Don't Spank This Monkey
In the comic books, they were advertised as humanoid-ish creatures, with three horns on their heads, and they looked so damn happy. For a mere $1.25, I would somehow get these creatures in the mail. I wanted my very own "bowl of happiness."
Alas, I never ordered them. Nor did I get the X-ray glasses. But the question remained...
What the hell are Sea Monkeys anyway???
After doing some research, I was astounded to learn that Sea Monkeys are real organisms. Their scientific name is Artemia salina. These things are a type of brachiopod...sorta like brine shrimp. This specific creature is actually patented - U.S. Patent 3,673,986. They were engineered, actually. Sea Monkeys are a hybrid - part brine shrimp, part non-brine shrimp (salty and fresh water shrimp).

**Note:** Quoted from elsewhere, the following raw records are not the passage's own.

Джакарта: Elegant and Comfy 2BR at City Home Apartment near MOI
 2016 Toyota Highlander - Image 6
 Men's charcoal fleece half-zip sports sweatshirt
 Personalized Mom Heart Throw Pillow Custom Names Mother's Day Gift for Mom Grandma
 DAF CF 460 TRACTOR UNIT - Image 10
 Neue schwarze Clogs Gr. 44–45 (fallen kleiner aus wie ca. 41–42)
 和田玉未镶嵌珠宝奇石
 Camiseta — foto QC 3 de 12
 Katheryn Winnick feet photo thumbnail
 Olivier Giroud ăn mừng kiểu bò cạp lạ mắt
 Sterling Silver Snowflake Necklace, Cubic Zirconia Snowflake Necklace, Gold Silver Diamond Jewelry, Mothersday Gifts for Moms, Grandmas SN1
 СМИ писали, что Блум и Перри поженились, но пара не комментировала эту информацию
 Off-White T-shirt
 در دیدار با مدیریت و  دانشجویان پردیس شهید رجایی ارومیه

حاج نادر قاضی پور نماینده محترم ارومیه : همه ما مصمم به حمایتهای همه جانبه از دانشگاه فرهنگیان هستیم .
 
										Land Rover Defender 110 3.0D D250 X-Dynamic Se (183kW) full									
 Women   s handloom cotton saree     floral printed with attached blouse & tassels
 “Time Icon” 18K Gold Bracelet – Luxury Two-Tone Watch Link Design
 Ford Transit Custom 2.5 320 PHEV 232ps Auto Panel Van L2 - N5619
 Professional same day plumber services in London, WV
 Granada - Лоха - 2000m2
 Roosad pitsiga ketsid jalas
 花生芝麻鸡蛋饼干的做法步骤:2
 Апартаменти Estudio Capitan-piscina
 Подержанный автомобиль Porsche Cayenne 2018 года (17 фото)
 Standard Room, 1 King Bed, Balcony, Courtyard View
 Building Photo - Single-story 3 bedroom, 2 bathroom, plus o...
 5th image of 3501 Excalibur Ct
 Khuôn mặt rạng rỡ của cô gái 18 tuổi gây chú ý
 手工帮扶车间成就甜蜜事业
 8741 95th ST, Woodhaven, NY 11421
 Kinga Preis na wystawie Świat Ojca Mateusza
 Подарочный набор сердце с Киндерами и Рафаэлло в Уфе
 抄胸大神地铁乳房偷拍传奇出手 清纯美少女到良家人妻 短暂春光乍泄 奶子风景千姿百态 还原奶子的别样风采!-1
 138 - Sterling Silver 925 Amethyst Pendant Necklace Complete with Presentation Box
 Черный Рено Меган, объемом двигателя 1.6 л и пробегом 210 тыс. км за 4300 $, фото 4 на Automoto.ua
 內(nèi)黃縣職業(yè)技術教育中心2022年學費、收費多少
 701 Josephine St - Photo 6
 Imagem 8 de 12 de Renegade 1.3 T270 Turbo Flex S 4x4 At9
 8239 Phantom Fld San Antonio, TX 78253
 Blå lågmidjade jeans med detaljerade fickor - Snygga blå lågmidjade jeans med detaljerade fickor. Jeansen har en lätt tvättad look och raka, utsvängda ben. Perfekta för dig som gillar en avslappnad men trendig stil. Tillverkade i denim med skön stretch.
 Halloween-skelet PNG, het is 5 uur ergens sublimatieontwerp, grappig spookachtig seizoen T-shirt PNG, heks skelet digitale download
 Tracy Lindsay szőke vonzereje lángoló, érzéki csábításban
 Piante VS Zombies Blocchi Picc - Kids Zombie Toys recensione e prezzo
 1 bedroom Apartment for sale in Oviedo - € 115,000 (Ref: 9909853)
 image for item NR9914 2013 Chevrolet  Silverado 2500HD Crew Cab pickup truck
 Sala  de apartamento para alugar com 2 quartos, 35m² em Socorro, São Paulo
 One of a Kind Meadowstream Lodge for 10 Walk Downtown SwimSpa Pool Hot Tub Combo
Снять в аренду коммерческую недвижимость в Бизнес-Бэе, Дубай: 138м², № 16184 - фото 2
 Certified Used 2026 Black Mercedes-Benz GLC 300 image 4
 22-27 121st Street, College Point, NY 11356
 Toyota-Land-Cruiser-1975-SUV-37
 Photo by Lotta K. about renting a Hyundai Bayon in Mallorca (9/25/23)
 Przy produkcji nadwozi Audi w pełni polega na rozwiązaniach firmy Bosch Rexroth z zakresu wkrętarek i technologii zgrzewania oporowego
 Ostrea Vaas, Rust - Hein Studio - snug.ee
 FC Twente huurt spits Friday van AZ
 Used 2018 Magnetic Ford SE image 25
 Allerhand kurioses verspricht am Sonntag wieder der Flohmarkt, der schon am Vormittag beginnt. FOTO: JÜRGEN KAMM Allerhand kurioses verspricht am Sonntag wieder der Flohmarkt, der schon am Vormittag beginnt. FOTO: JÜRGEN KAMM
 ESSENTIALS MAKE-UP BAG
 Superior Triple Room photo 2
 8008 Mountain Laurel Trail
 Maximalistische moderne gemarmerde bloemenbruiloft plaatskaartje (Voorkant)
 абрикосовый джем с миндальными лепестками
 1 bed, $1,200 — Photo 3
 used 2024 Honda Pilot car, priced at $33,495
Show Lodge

But how did kids get living creatures via the mail? Were they frozen in carbonite or something?
The Sea Monkeys were prepared and put into a state of cryptobiosis - or suspended animation. You get the eggs in a little packet, where they're covered with "life crystals." And when you put them into a little tank filled with clean, non-chlorinated water, they begin to hatch and come to life.
So once you get your Sea Monkey colony going, do they reproduce? Oh, you betcha! They can do it sexually or asexually. Imagine what fun kids can have while watching the entire circle of life occur in their little plastic aquariums!
Although I no longer partake in the joy of comic books as an adult, there's something about these Sea Monkeys that still manages to fascinate me. Maybe it's time for me to buy them. Maybe it's time to satisfy that little 10 year old scientist inside of me.
Maybe it's time for me to fulfill my Sea Monkey destiny.